### YOUR GOAL
An exact copy of all the data is needed, with every picture left out.

=== PROVIDED ENTRIES ===

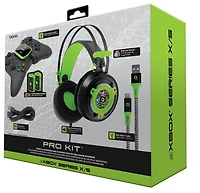bionik Gaming Accessories Pro Kit - Xbox Series X
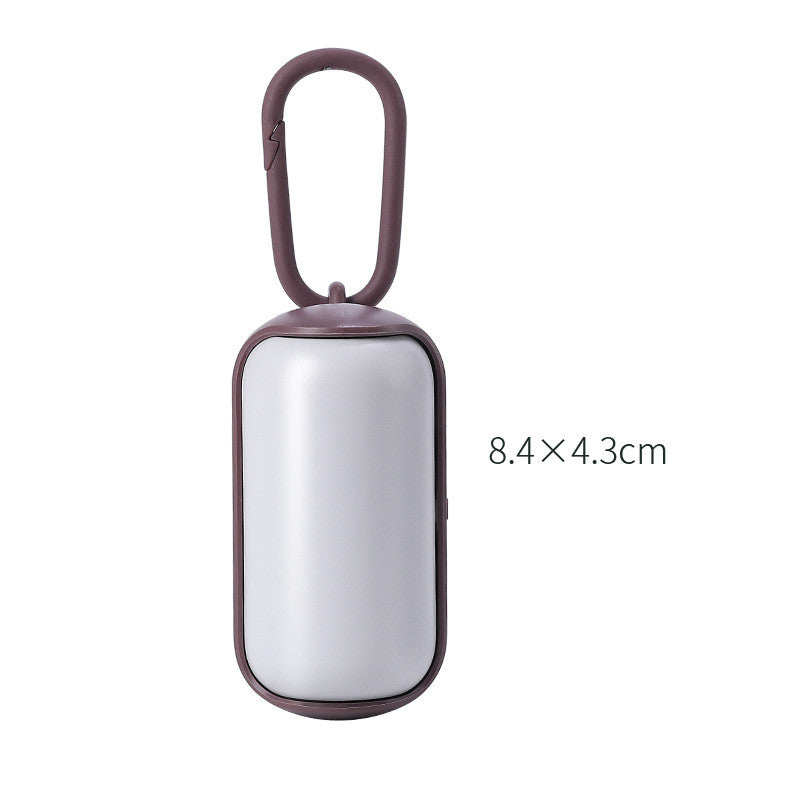 GoAnywhere Pet Litter & Toilet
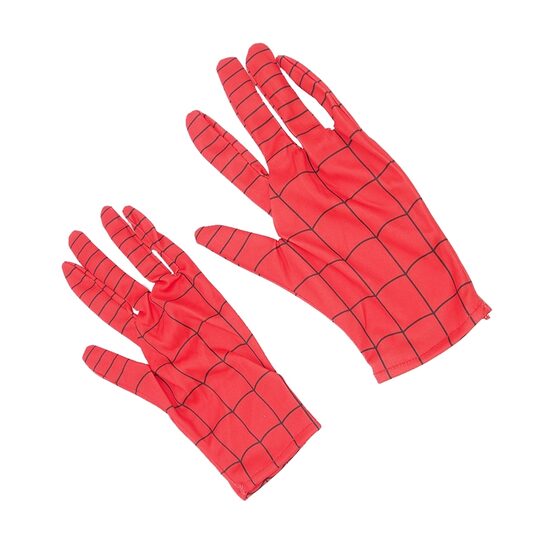 Vaikiškos karnavalinės pirštinės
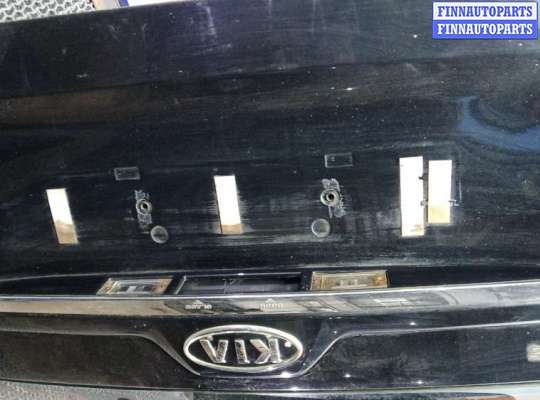 купить дверь 3-5 на KIA SPORTAGE 2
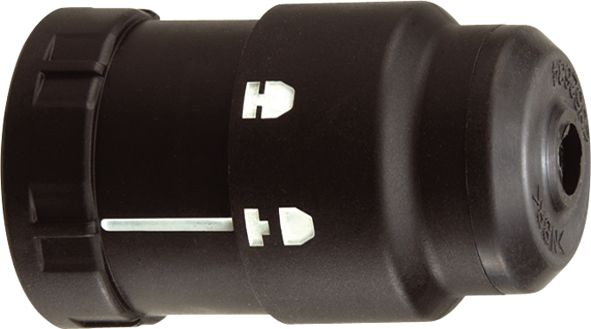 Greitos fiksacijos griebtuvas Makita; SDS-plus 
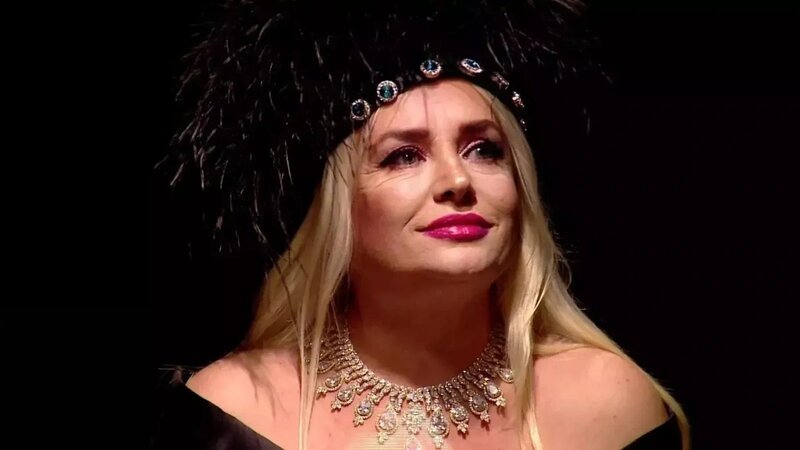 Məşhur aktrisanın qardaşı fəciəvi şəkildə vəfat etdi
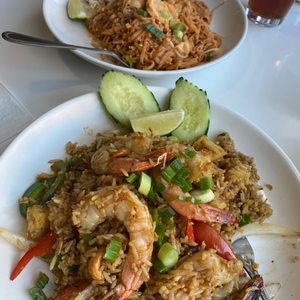 THAI PLATE 356 Photos 450 Reviews 145 N Glenwood St Jackson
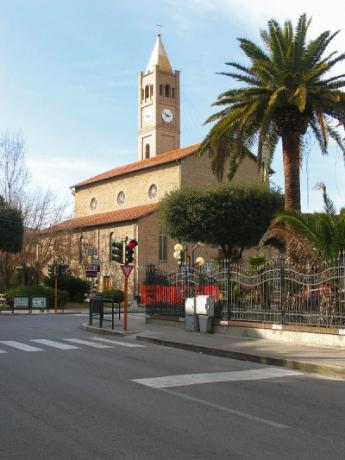 ottimi alberghi e B&B a Martinsicuro centro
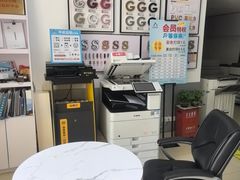 -澳西图文快印·印能达·商务印刷·广告制作安装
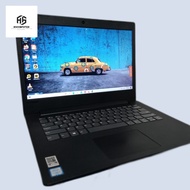 LENOVO IDEAPAD 130-14IKB CORE I3 6006U BEKAS MURAH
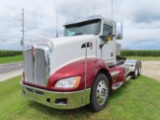 2012 Kenworth 680 Semi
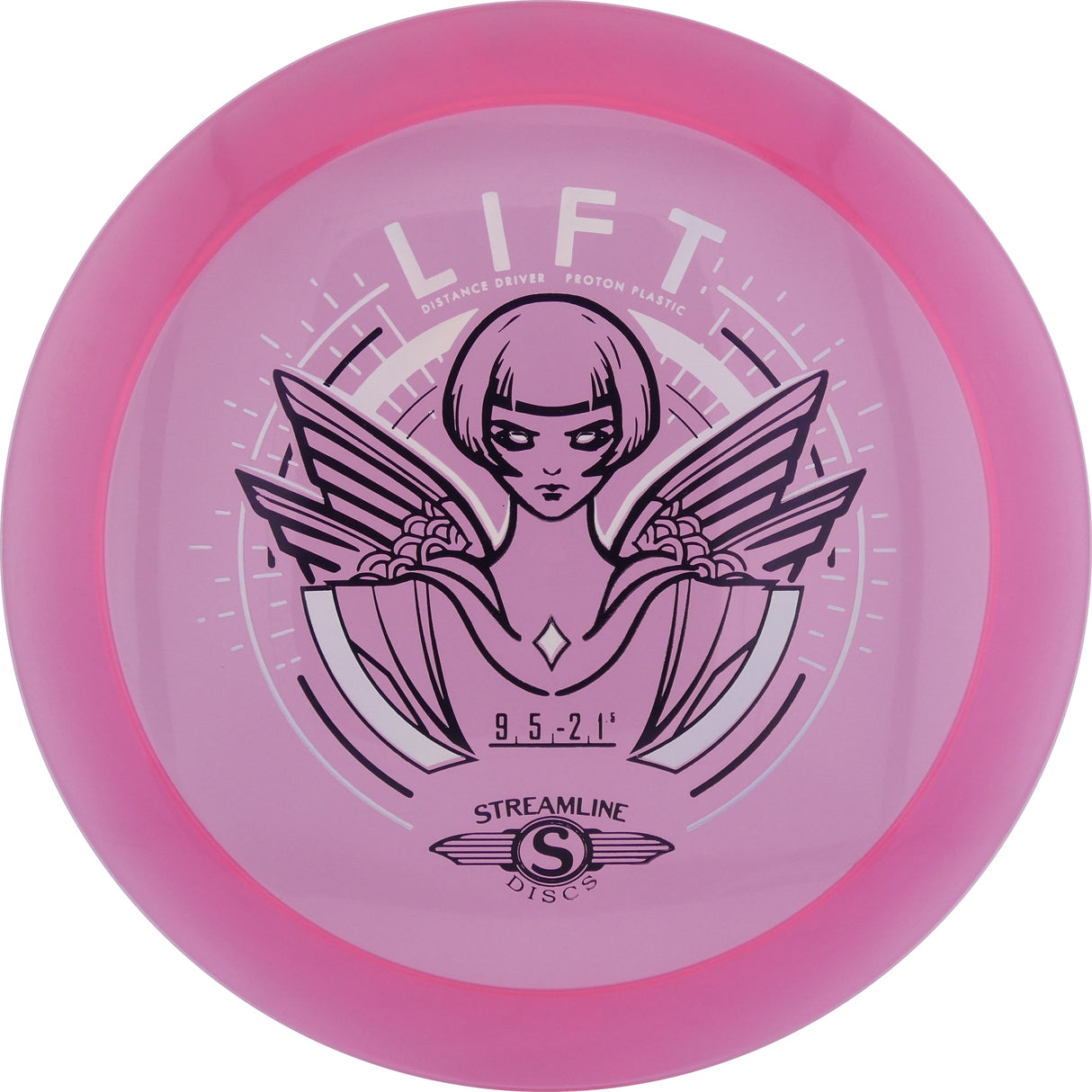 Proton Lift 165-169g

===

### RESULT FOR THIS TASK
bionik Gaming Accessories Pro Kit - Xbox Series X
 GoAnywhere Pet Litter & Toilet
 Vaikiškos karnavalinės pirštinės
 купить дверь 3-5 на KIA SPORTAGE 2
 Greitos fiksacijos griebtuvas Makita; SDS-plus 
 Məşhur aktrisanın qardaşı fəciəvi şəkildə vəfat etdi
 THAI PLATE 356 Photos 450 Reviews 145 N Glenwood St Jackson
 ottimi alberghi e B&B a Martinsicuro centro
 -澳西图文快印·印能达·商务印刷·广告制作安装
 LENOVO IDEAPAD 130-14IKB CORE I3 6006U BEKAS MURAH
 2012 Kenworth 680 Semi
 Proton Lift 165-169g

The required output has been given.